この記事をまとめると
■クルマから発せられる異音は、途端に愛車がポンコツになってしまったかのように感じさせる
■クルマから聞こえてくるさまざまな異音の代表的なものとその原因と対策を紹介
■「たかが音」とそのままにしておくと重大な故障に発展する場合もあるので注意が必要だ
クルマから発せられるさまざまな音には耳を傾けよう
中古で購入した10年落ちの国産クーペ。エンジンのフィーリングは最高だし、チューニングしたサスペンションはしっかり動いてくれて運転が楽しい! 買ってよかったとしみじみと実感にふけっていると、オーディオから流れる曲の合間の無音のときに、なにやらセンターコンソールの奥から「カカカカカ……」と細かい音が聞こえてくるのが気になる。
せっかくいい気分に浸っているのに、この音のせいで、調子よく感じていた愛車がなんだかポンコツの入り口に立ってしまったかのように残念な気分が芽生えてしまう。
何台も乗り継いできた人なら、こんな経験を持っている人も少なくないでしょう。そしてその気になる音の種類や発生する場所は、クルマによってバラバラで、原因の究明もカンタンではありません。
ここでは、そんなクルマから聞こえてくるさまざまな「異音」について、その代表的なものの原因と対策を探ってみようと思います。
■クルマの「異音」の正体はさまざま
クルマの各所から発生する「異音」は、経年劣化で起こるケース、ネジの緩みや、勘合部の摩耗で発生するもの、あるいはエンジンの振動が変化して起こるものなど、その原因と場所はさまざまです。
その「異音」の原因と対策についての代表的なケースを、発生する場所ごとにピックアップして紹介していきましょう。
エンジンまわり
エンジンから発生する異音でいちばん多いと感じるのは、回転の上昇下降の際に起こる「キュウウ〜」という鳴き声です。信号待ちの発進などでこの音を発して、歩行者の興味を惹いてしまったりしているシーンをたまに見掛けます。
これは、発電をおこなっている「オルタネーター」にエンジンから動力を伝達する「ドライブベルト」の不具合が原因です。

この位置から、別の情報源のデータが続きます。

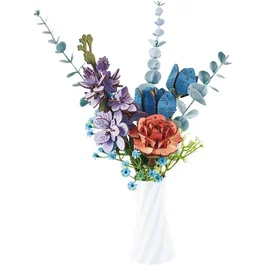 Book Nook - Kit de Maqueta 3D para Construir un Sujetalibros Decorativo, Pequeño Ramo Verde, 20 x 18 x activate0 cm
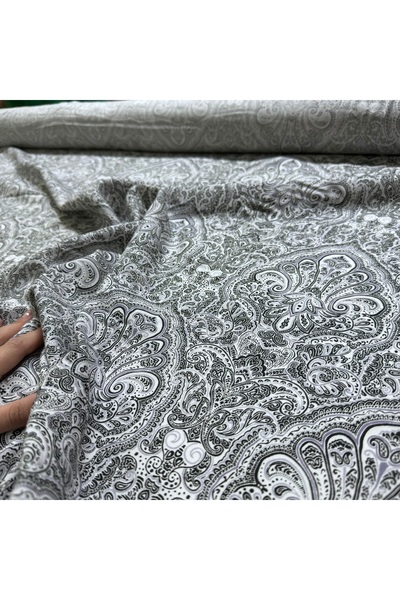 Yaren Ülker İthal Viskon Kumaş En 150 cm %100 Pamuk Dökümlü Şal Desen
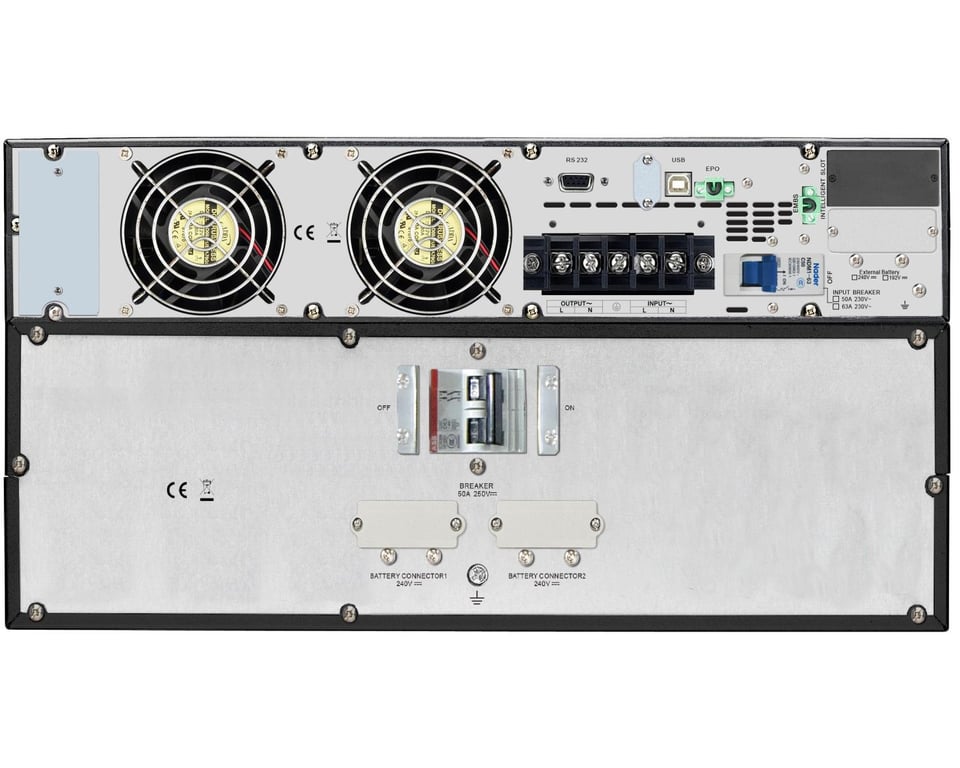 APC Easy UPS SRV RM 6000VA alimentation d'énergie non interruptible Double conversion en ligne 6 kVA Neuf - vue 2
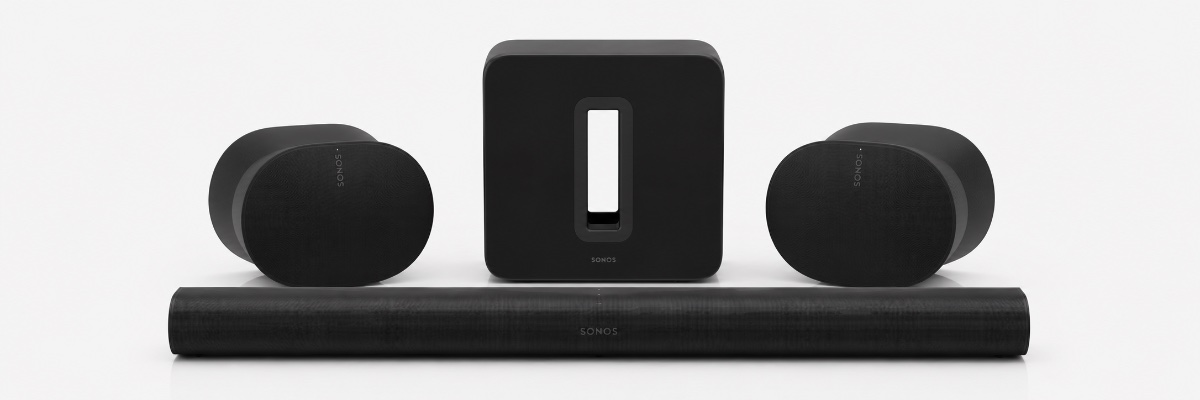 ConnectHouse Pack Cinéma Immersif Sonos Arc Ultra + 2x Era 300 + Sub Gen 4 chez ConnectHouse Maroc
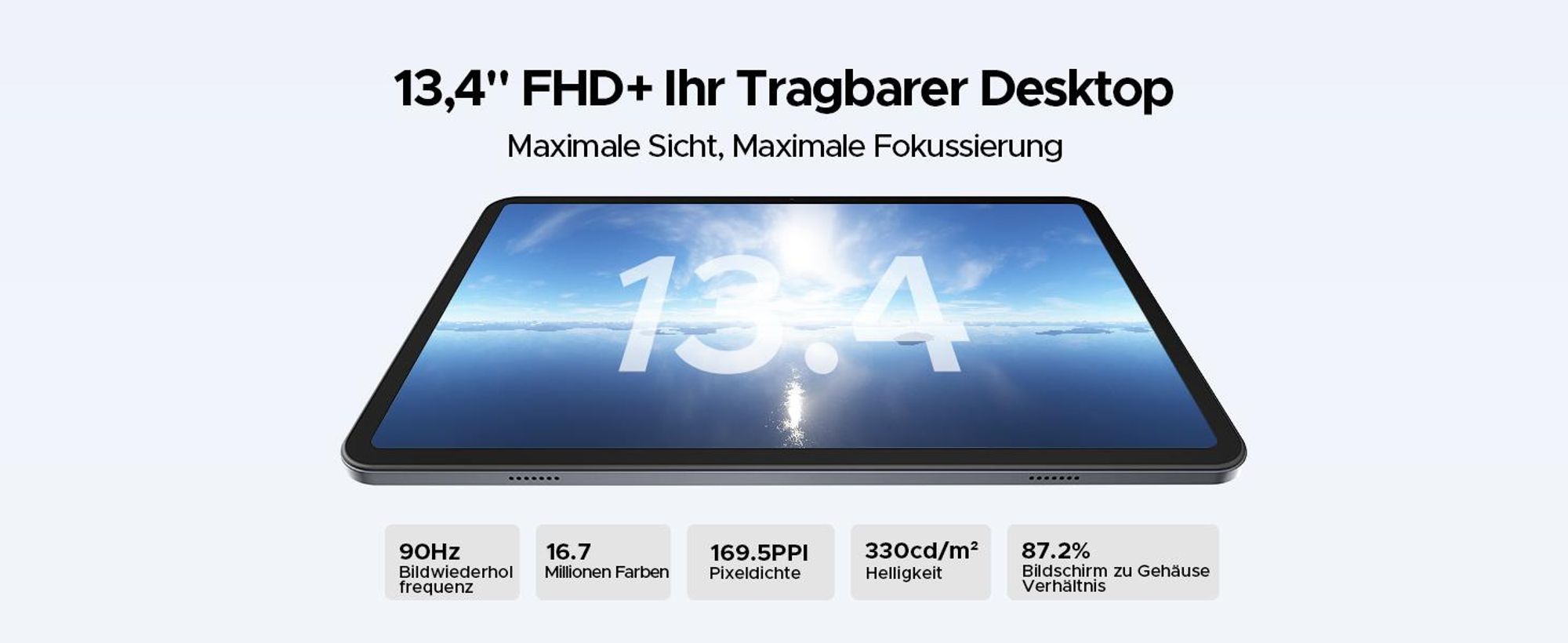 DOOGEE Tab G6 Max Tablet,Android 16, 13,4 Zoll, 32(6+26)GB+256GB/2TB TF, 4G LTE, 90Hz,11000mAh/18W,Widevine L1, 5G WiFi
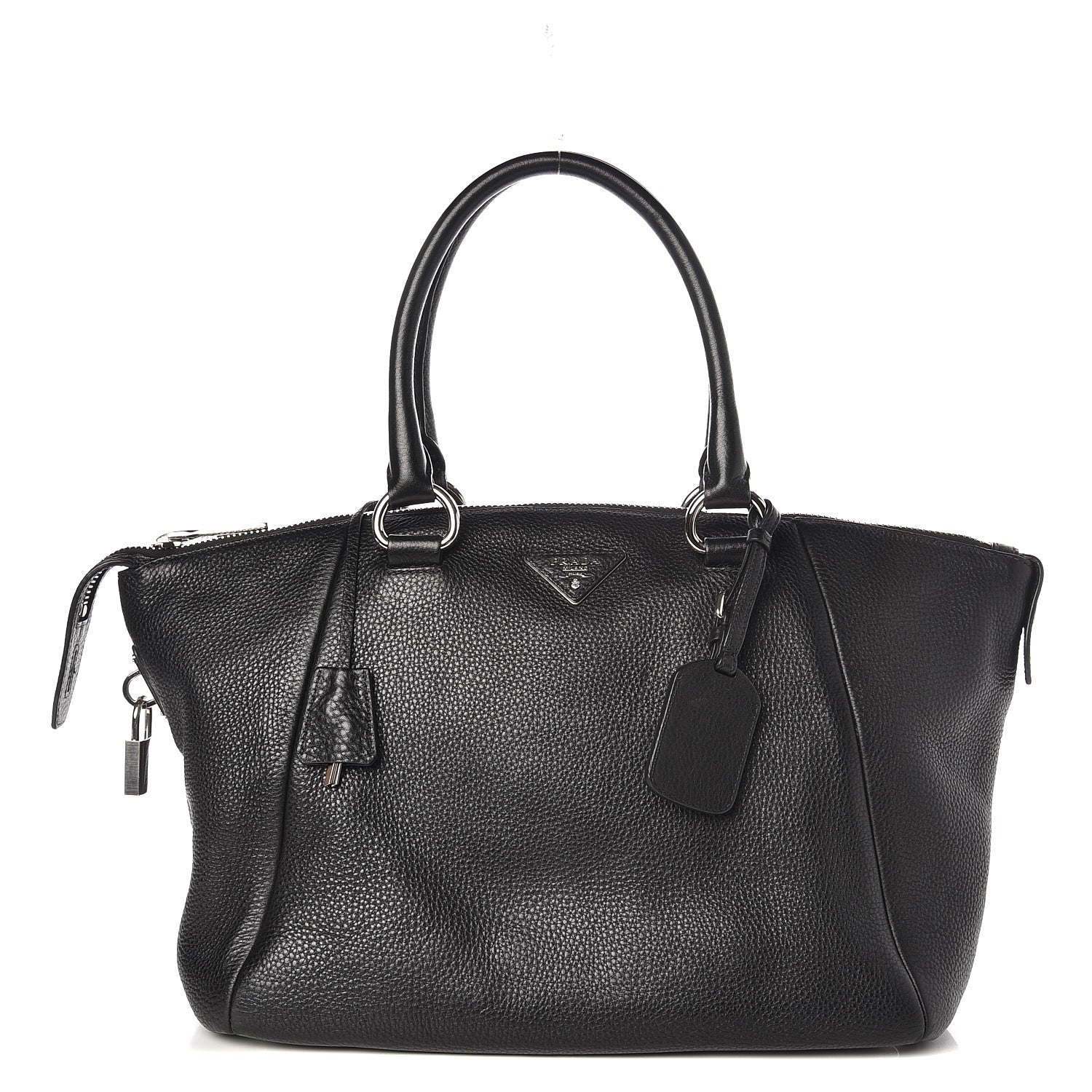 Prada Vitello Daino Shopping Tote Nero Black 1 of 9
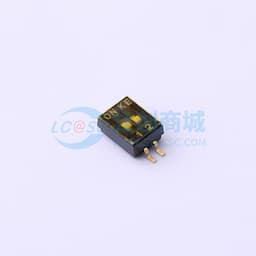 1.27mm 2位贴片拨码开关(S脚)缩略图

通常はゴムの摩擦力で、エンジン側のプーリーからオルタネーター側のプーリーへと回転をしっかり伝えていますが、これが経年による劣化で表面が硬化して、摩擦力が低下して「すべり」が発生するようになってきます。一度すべると、その症状はどんどん悪化してしまいます。その結果があの「キュウウ〜」という異音の原因です。
対策は新品に交換することです。ベルトは規格で決まっているので、純正品でなくても大丈夫です。
また、エンジンの側から「カカカカ……」と細かいビビリ音が発生することがあります。この多くは、排気マニホールドなどに付く遮熱板が振動でビビってしまっているのが原因でしょう。新品時は振動を吸収していたものが、サビやネジのわずかな緩みなどで吸収しきれなくなってビビリが出てしまうことが多いと思います。
このビビリの対策は一筋縄ではいかない場合が少なくありません。単に新品への交換で収まる場合もありますが、それでダメなら、ネジにワッシャーを加えてみたり、遮熱板に板重りを貼ってみたりして振動を抑える工夫が必要なことも多いと思います。
足まわり
走行中に足まわりから聞こえてくる音で気になるのは、「ココココ……」とボディを伝ってくるものです。この原因で多いものは、ホイールの回転を支えている「ハブ・ベアリング」の不具合でしょう。ベアリングは消耗品ですので、走行距離や年数で交換時期が定められていますが、使用状態によって早めに寿命が来てしまうものもあります。中の硬球やその受け皿が摩耗したり、悪路での突き上げなどによってダメージが入り、ひっかかる部分ができたときに起こる音です。
これも対策は新品への交換ですが、走りを支える重要な部分なので、音を感じたら速やかに交換しましょう。
ブレーキの「キイイッィー」という音鳴りも気になるポイントですが、これは別記事でじっくりと紹介したいと思います。